Under this discretization, (17) becomes

\begin{aligned} x_{k+1} = (1-\gamma )x_k+\gamma J_{\lambda A}(x_k-\lambda B(x_k)) - \lambda \bigl (B(x_{k})-B(x_{k-1})\bigr ). \end{aligned}

In other words, for timesteps $$\gamma$$ in (0, 1), the resolvent term in (21) becomes a convex combination with the previous point.

Before turning our attention to the convergence properties of this iteration, we make the following remark.

### Remark 2

Backward/forward discretizations of a derivative usually correspond to the same type of step in their discrete counterpart of the algorithms.
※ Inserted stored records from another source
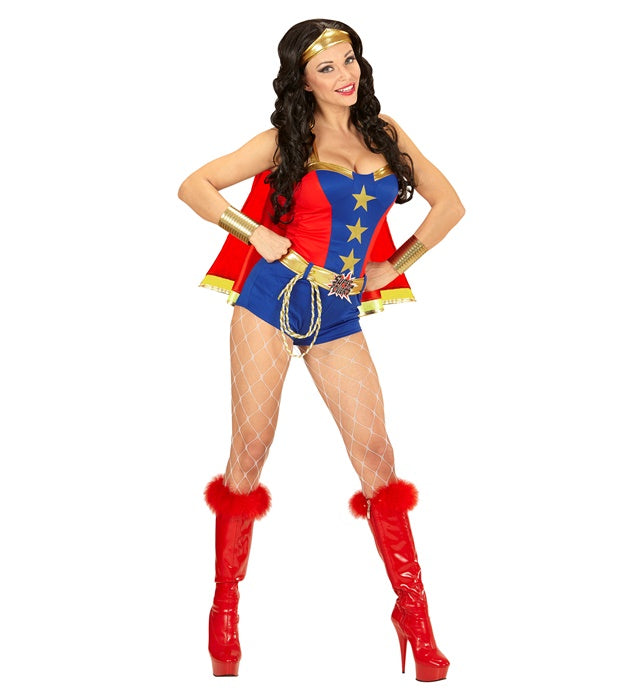 Super Power Girl Kostüm mit Kleid, Gürtel, Stirnband und Umhang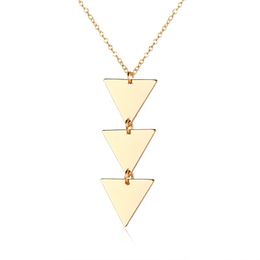 Pendant Necklaces Geometric Triangle Punk Chokers For Women Men Link Chain Charm Gold Silver Color Necklace Sweater Jewelry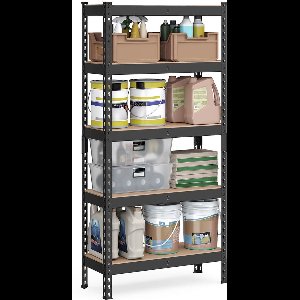 Plank – Zwaar – 5 Planken – 30 x 75 x 150 cm – Zwart – Industriële Look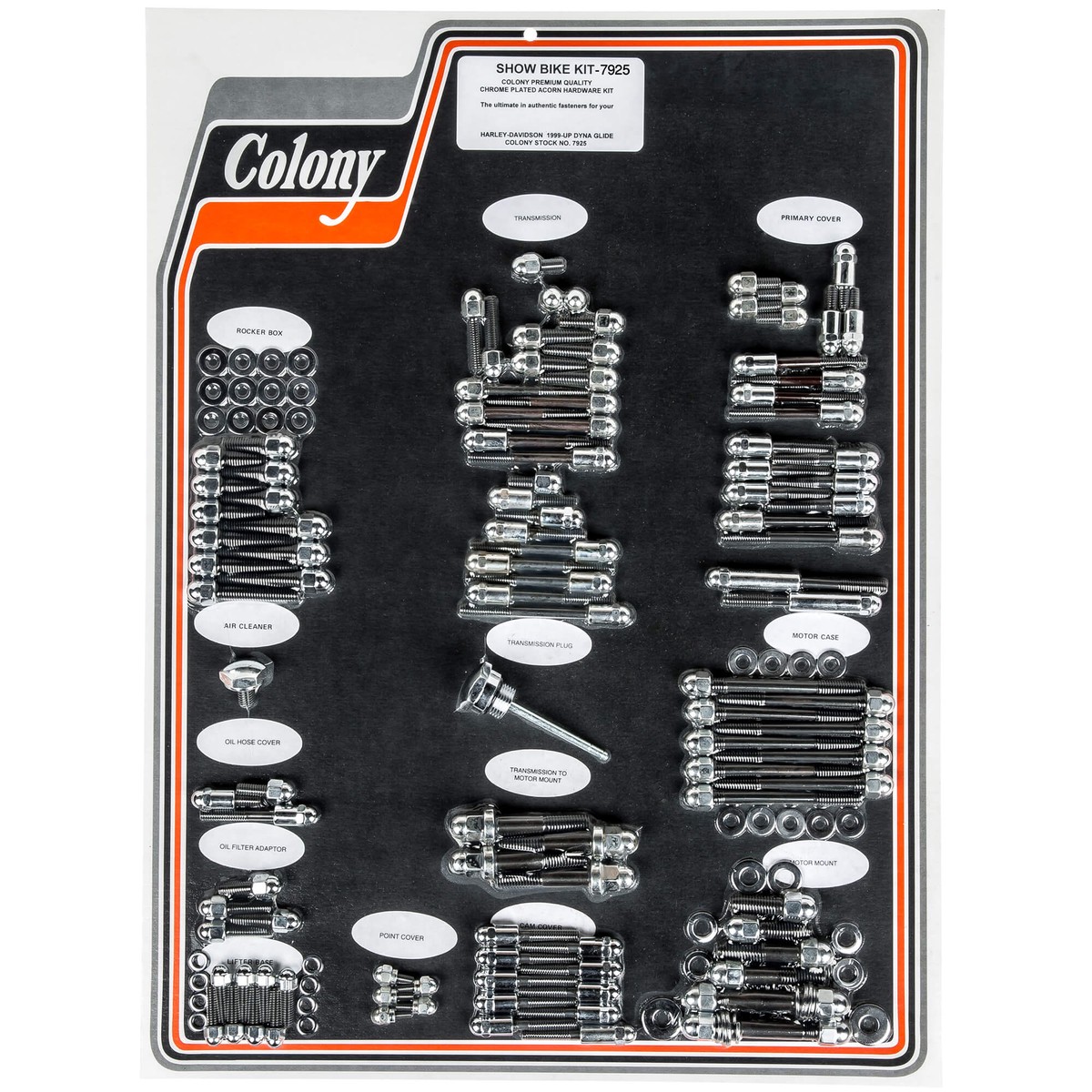 7925 Complete Show Bike Kit Acorn Hardware Harley-Davidson 1999-2005 Twin Cam Dyna - Chrome Plated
This is, for instance, the case for the forward-backward method which includes the discussion from Sect. 2 as a special case. It is curious to note, however, that forward (resp. backward) discretization gave rise to backward (resp. forward) operators in the discrete counterparts. In particular, two forward discretizations of (17) gave rise the Douglas–Rachford algorithm which has two backward steps whereas one forward and one backward discretization produced a method also having one forward and one backward step.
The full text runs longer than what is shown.